AirPeace CEO Warns: New Tax Reforms Could Skyrocket Domestic Airfares to ₦1.7 Million, Risk Airline Collapse



Clarion Newschannel – Lagos, December 29, 2025

Allen Onyema, Chairman and Chief Executive Officer of Air Peace, has raised serious concerns about the impending implementation of Nigeria’s new tax reform laws, set to take effect from January 2026, warning that they could drive domestic airfares as high as ₦1.7 million and potentially collapse local airlines within three months.
Speaking in an interview on Arise Television on Sunday, Onyema highlighted the cumulative impact of multiple taxes, levies, and charges already burdening the aviation sector.
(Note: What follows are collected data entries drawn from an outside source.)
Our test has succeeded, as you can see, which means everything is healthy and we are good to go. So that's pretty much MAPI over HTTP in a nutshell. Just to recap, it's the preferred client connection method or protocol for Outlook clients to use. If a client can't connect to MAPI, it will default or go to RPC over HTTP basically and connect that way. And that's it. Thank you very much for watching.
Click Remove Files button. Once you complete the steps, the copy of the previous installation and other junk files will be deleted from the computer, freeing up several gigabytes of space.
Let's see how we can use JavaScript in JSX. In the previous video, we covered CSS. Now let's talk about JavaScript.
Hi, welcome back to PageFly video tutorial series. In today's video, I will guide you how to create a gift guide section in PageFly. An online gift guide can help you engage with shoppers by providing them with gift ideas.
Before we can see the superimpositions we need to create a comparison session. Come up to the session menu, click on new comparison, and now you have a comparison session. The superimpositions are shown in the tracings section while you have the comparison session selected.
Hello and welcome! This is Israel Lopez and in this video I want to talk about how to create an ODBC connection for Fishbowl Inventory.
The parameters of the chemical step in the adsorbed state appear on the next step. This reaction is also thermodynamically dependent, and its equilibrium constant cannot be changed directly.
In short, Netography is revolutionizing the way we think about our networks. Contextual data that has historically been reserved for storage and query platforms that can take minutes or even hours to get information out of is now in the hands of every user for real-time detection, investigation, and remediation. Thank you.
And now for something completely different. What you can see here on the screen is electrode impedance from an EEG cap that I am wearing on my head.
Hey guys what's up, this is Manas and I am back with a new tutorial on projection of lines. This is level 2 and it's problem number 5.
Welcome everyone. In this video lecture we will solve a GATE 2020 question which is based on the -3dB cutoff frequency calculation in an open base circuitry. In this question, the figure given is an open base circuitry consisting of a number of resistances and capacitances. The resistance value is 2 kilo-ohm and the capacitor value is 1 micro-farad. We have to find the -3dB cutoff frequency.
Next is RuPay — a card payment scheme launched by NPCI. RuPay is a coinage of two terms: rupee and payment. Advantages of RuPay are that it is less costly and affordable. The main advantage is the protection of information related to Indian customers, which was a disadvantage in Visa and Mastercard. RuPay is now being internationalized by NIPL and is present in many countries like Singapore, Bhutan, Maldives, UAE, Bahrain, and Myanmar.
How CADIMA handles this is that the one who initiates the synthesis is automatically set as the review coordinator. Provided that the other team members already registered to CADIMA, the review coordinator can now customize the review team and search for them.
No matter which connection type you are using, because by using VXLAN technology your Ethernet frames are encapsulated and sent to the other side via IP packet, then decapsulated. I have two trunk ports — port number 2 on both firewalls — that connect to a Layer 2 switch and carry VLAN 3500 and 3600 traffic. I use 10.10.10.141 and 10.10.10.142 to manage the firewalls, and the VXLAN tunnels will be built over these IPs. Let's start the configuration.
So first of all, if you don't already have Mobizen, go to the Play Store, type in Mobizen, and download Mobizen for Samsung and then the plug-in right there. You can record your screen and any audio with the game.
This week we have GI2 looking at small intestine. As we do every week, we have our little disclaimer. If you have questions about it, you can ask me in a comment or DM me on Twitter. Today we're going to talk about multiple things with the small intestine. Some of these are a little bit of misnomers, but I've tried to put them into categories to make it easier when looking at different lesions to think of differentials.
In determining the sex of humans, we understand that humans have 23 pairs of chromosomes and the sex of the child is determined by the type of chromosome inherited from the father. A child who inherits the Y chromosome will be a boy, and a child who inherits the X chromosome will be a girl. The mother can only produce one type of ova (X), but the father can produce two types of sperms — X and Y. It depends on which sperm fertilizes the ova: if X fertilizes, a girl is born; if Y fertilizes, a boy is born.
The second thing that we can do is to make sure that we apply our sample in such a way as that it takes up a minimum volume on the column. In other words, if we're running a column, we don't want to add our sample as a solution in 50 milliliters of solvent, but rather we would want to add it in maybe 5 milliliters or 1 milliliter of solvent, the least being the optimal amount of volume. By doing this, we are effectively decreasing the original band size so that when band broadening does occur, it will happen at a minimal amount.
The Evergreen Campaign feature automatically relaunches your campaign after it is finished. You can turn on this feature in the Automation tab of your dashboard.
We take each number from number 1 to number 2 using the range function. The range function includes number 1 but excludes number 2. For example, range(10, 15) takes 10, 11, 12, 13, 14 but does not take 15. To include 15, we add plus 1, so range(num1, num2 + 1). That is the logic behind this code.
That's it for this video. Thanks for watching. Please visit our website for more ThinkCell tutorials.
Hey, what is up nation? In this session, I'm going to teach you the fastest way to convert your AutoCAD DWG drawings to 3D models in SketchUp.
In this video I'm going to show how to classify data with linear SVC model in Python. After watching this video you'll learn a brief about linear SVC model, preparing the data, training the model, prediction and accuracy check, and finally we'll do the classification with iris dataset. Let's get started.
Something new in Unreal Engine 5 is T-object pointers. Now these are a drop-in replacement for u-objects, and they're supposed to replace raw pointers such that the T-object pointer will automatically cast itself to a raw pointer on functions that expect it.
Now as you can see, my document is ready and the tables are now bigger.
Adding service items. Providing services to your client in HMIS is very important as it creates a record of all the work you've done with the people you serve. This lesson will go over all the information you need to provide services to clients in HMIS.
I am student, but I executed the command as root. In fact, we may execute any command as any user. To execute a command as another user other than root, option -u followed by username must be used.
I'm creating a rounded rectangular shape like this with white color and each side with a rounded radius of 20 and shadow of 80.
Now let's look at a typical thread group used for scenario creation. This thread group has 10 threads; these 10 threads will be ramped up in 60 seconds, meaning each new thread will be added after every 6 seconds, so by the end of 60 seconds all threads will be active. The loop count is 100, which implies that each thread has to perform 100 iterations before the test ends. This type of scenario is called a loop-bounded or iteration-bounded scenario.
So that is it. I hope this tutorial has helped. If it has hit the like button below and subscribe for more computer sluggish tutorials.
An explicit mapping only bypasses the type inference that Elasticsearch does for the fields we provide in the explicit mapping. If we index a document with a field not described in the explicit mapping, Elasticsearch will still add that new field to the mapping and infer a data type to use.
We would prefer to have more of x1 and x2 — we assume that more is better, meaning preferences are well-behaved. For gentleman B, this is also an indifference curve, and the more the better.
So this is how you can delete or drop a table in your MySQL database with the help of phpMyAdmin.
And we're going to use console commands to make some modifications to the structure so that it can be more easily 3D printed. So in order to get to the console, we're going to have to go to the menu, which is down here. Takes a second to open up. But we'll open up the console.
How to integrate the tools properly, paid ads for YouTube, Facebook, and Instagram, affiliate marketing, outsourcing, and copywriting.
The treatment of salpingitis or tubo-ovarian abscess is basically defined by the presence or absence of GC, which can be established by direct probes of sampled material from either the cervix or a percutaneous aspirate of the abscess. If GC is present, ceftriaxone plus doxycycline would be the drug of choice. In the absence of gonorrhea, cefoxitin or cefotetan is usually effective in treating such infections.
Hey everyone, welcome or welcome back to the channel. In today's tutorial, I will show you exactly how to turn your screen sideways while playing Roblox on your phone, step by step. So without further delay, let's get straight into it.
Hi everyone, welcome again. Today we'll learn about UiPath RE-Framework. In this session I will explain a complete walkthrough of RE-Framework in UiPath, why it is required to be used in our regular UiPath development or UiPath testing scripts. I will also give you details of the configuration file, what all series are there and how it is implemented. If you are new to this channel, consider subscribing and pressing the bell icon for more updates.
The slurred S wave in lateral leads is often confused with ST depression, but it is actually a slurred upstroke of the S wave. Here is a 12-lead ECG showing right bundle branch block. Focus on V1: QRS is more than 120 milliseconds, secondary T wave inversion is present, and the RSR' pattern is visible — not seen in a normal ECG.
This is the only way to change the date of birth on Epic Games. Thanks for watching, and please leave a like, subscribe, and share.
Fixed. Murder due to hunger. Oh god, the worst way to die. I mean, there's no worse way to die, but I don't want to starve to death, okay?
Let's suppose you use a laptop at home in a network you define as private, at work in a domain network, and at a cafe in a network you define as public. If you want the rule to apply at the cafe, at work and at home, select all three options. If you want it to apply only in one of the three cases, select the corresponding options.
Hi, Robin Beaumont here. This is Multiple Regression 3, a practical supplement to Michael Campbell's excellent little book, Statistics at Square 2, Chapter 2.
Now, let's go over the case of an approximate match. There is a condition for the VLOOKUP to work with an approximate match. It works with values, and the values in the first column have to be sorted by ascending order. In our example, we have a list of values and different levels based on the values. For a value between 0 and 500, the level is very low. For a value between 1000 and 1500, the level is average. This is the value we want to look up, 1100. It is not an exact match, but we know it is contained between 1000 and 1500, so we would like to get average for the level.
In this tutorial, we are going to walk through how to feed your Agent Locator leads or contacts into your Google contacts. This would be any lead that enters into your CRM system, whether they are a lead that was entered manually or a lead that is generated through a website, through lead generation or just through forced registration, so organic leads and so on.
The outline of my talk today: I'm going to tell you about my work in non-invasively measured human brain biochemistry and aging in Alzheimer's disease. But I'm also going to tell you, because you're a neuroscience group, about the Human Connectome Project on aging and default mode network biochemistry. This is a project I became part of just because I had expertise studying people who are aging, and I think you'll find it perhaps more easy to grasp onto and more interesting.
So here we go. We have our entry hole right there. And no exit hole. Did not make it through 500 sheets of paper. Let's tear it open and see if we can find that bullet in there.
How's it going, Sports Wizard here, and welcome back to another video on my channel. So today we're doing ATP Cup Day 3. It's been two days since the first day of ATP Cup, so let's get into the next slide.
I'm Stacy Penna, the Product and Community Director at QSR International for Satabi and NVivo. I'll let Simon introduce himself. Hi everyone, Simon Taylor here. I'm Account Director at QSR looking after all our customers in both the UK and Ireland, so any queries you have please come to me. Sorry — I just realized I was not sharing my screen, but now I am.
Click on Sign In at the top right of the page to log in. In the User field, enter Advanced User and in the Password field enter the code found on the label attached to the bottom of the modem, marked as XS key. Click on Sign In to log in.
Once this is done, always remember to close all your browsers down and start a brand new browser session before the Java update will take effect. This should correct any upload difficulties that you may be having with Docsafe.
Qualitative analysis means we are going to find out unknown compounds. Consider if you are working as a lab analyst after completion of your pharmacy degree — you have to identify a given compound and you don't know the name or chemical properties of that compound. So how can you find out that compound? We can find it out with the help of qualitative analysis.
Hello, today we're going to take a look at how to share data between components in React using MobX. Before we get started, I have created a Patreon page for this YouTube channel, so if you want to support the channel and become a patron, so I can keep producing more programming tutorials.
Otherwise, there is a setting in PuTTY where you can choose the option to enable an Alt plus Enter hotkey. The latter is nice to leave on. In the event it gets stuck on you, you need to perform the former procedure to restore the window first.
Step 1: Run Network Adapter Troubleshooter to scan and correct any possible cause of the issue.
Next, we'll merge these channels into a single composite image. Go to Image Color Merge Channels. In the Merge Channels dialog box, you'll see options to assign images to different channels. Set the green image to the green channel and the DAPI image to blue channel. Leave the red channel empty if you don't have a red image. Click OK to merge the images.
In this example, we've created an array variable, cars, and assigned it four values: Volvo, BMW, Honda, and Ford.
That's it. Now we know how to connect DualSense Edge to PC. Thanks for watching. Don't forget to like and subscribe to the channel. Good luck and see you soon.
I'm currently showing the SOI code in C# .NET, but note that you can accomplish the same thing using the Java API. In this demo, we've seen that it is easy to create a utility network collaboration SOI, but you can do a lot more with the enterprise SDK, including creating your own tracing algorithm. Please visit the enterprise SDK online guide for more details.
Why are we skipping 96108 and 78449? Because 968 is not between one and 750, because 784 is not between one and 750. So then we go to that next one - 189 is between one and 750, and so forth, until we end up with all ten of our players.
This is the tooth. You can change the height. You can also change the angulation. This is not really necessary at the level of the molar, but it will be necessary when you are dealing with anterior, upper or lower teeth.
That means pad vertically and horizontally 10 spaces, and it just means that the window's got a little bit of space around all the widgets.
He specifically pointed to the reintroduction of 7.5% Value Added Tax (VAT) on air ticket fares, aircraft imports, engines, and spare parts—a reversal of previous exemptions—as a major threat.
“According to ICAO [International Civil Aviation Organisation], you are not supposed to go into revenue generating for government. It should be cost recovery,” Onyema stated, adding that Nigeria’s practices, including charging VAT on tickets, deviate from global standards that emphasize cost recovery over revenue generation in aviation.
Onyema explained that airlines retain only a fraction of ticket revenue due to existing deductions. For instance, from a ₦350,000 ticket, operators might keep as little as ₦81,000 after mandatory charges like the 5% Ticket Sales Charge to the Nigerian Civil Aviation Authority (NCAA) and other levies. “We are suffering multiple taxation, multiple charges… Almost 65 to 70 percent of that money is not coming to the airlines,” he said.
The new reforms, embedded in the Nigeria Tax Act 2025 signed by President Bola Tinubu earlier this year, remove longstanding VAT exemptions on commercial aircraft, parts, and passenger tickets. Onyema argued that adding 7.5% VAT directly to fares would force sharp price increases to cover costs, warning: “With 7.5 percent on ticket fares, ticket fares will hit ₦1.7 million soon.”
He further cautioned that the financial strain—compounded by high bank interest rates of 30-35% on loans for aircraft purchases—could ground domestic carriers, reduce passenger demand, and trigger broader economic fallout, including impacts on banks and jobs.
Despite the challenges, Onyema noted that current domestic fares remain relatively low globally when adjusted for operational realities, with entry-level tickets still available from around ₦125,000 to ₦150,000 on some routes. However, festive periods like Christmas have seen spikes due to demand and one-way traffic patterns, particularly on Southeast routes where return flights often operate nearly empty.
The Airline Operators of Nigeria (AON) have repeatedly engaged the National Assembly and tax authorities on these issues, seeking reviews to prevent sector-wide disruption. Onyema expressed hope for government intervention but stressed the urgency: “If we implement that tax reform, Nigerian airlines will go down in three months.”
The Nigerian Civil Aviation Authority (NCAA) has pushed back on some claims of excessive taxation driving recent fare hikes, attributing increases to market forces like demand and supply during peak seasons.
As the January 2026 deadline approaches, stakeholders await potential amendments to balance fiscal goals with the sustainability of Nigeria’s aviation industry.